Other research indicates that when life-in-prison without parole (LWOP) is introduced in surveys as an alternative to capital punishment, death penalty support declines. This is because most people recognize that LWOP is itself a severe punishment, Many endorse it because they worry about the death penalty’s unreliability and discriminatory application.
For example, a 2019 Gallup poll found that “For the first time in Gallup’s 34-year trend, a majority of Americans say that life imprisonment with no possibility of parole is a better punishment for murder than the death penalty is. The 60% to 36% advantage for life imprisonment marks a shift from the past two decades, when Americans were mostly divided in their views of the better punishment for murder. ”
Writing in 1972, Justice Thurgood Marshall offered another complication in the effort to gauge what the public really thinks about the death penalty.
As Marshall put it:
While a public opinion poll obviously is of some assistance in indicating public acceptance or rejection of a specific penalty, its utility cannot be very great. This is because whether or not a punishment is cruel and unusual depends, not on whether its mere mention “shocks the conscience and sense of justice of the people,” but on whether people who were fully informed as to the purposes of the penalty and its liabilities would find the penalty shocking, unjust and unacceptable.
Research has shown that Marshall was right to suggest that “opposition to the death penalty will increase with exposure to information about it.”
When people serve on death penalty juries, they confront the facts that Marshall named. Their general views about capital punishment are often put aside when they need to decide whether a defendant, who has been convicted of committing a death-eligible offense, should be sentenced to death.

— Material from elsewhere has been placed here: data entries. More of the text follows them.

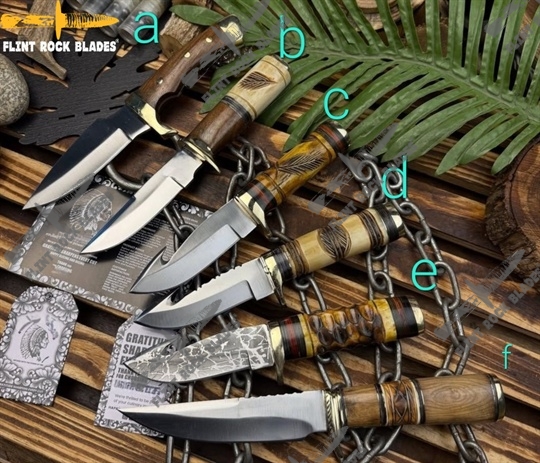 Stainless steel Fixed Blades Knives 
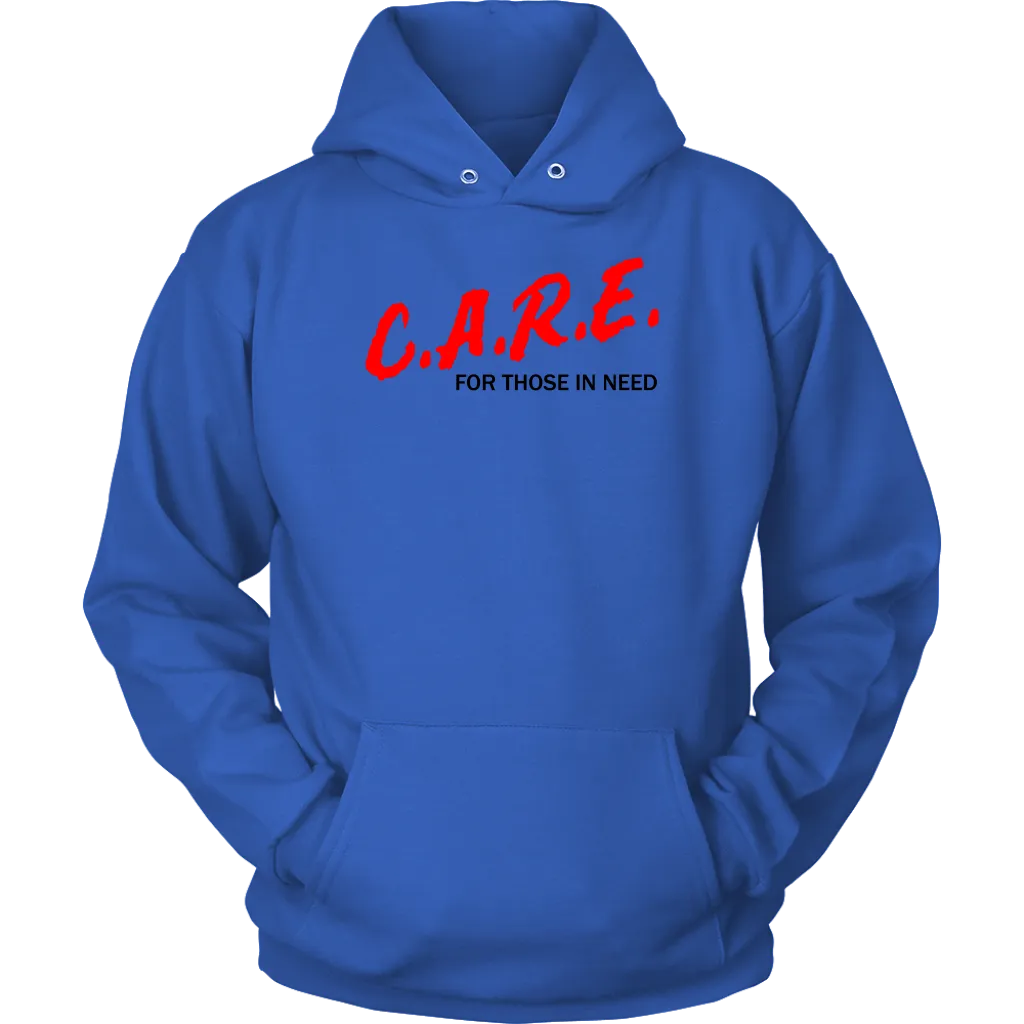 C.A.R.E. For Those In Need Unisex Hoodie Part 1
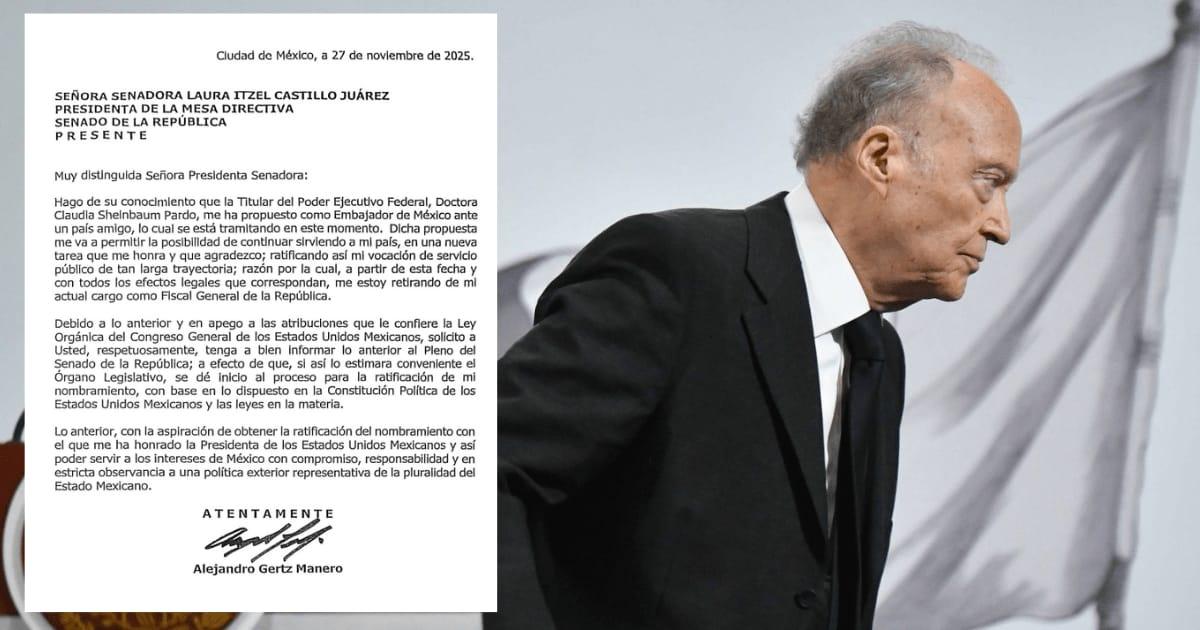 LA CAÍDA DEL FISCAL GENERAL DE LA REPÚBLICA ALEJANDRO GERTZ MANERO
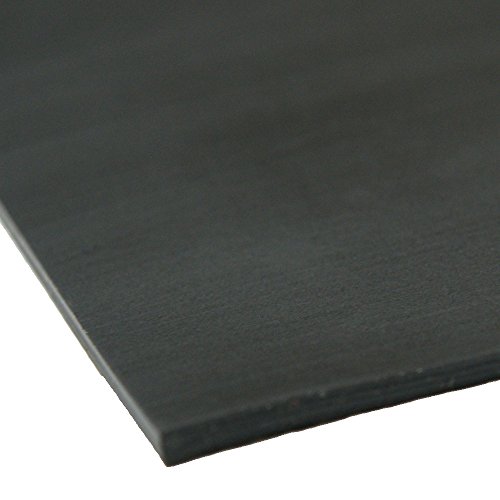 Santoprene - 60A - Thermoplastic Sheets and Rolls - 1/16" Thick x 24" Width x 12" Length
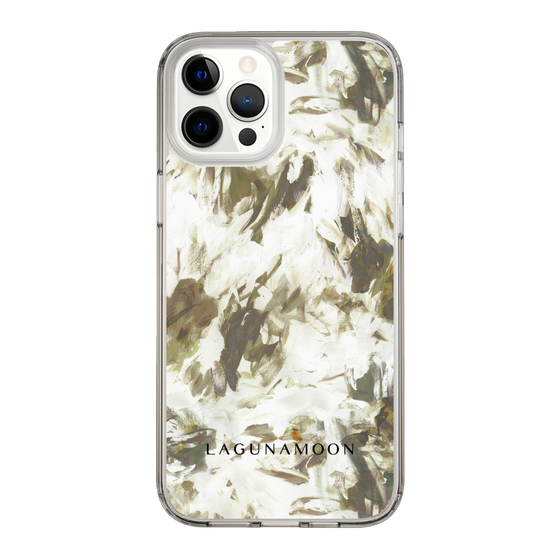 Slim Protection Case［ LAGUNAMOON - Paint - Khaki ］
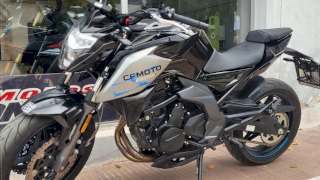 CFMOTO 650 NK 2024 500 KM 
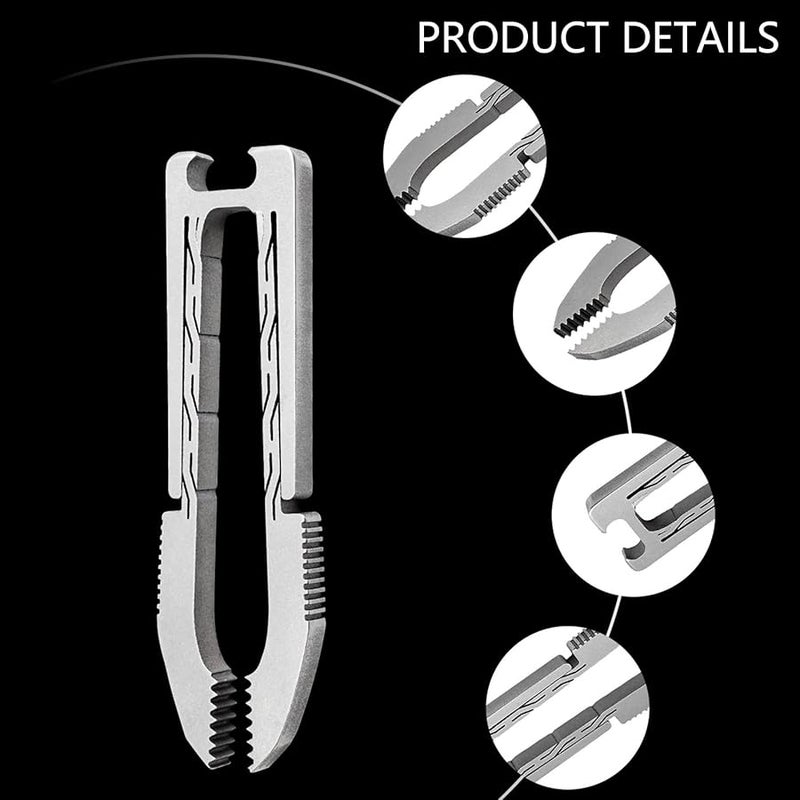 Professional Precision Alloy Tweezers For Craft Travel Camping Fl06 Color - Image 4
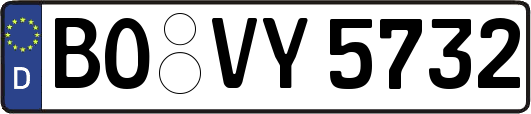 BO-VY5732
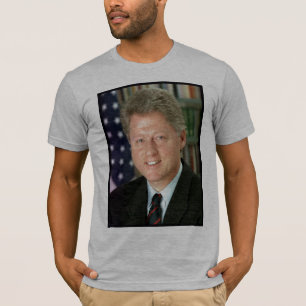 T-shirt Portrait présidentiel de Bill Clinton
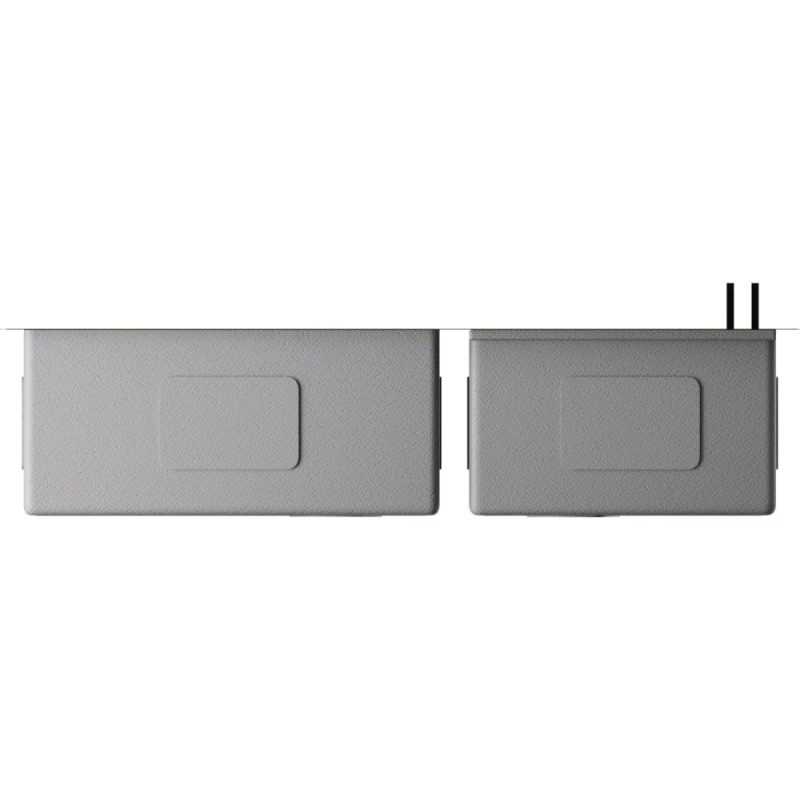 Кухонная мойка Omoikiri Akisame 86-2 Side-IN 4997021 86x51 см, нержавеющая сталь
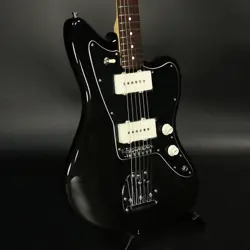 FENDER MADE IN JAPAN  HYBRID II JAZZMASTER ALDER TRANS BLACK ROSEWOOD JD24018667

Jurors in the United States now are, in fact, much less likely to answer in the affirmative than at any point in the last half-century. That is why death sentences across the United States, even for the most aggravated murders and even in places like Texas, have declined dramatically. And as the death penalty fades, jurors become even less convinced of its utility and less inclined to impose it.
This is particularly significant when we remember that only people who do not object to the death penalty in principle can serve in capital trials as jurors. As law professor Brandon Garrett notes, jurors today are more likely to reject the death penalty “after hearing a convicted murderer’s life story, including evidence of mental health issues, childhood abuse, and other mitigating circumstances.”
If we want to know what the American people really think about capital punishment, we need to pay attention not just to what they say in response to survey questions, but to what they do when they confront its grim realities.
What the French philosopher Albert Camus once said about capital punishment in his country seems to be true in this country as well. When people are “shown the machine, made to touch the wood and steel…then public imagination, suddenly awakened, will repudiate…the penalty.”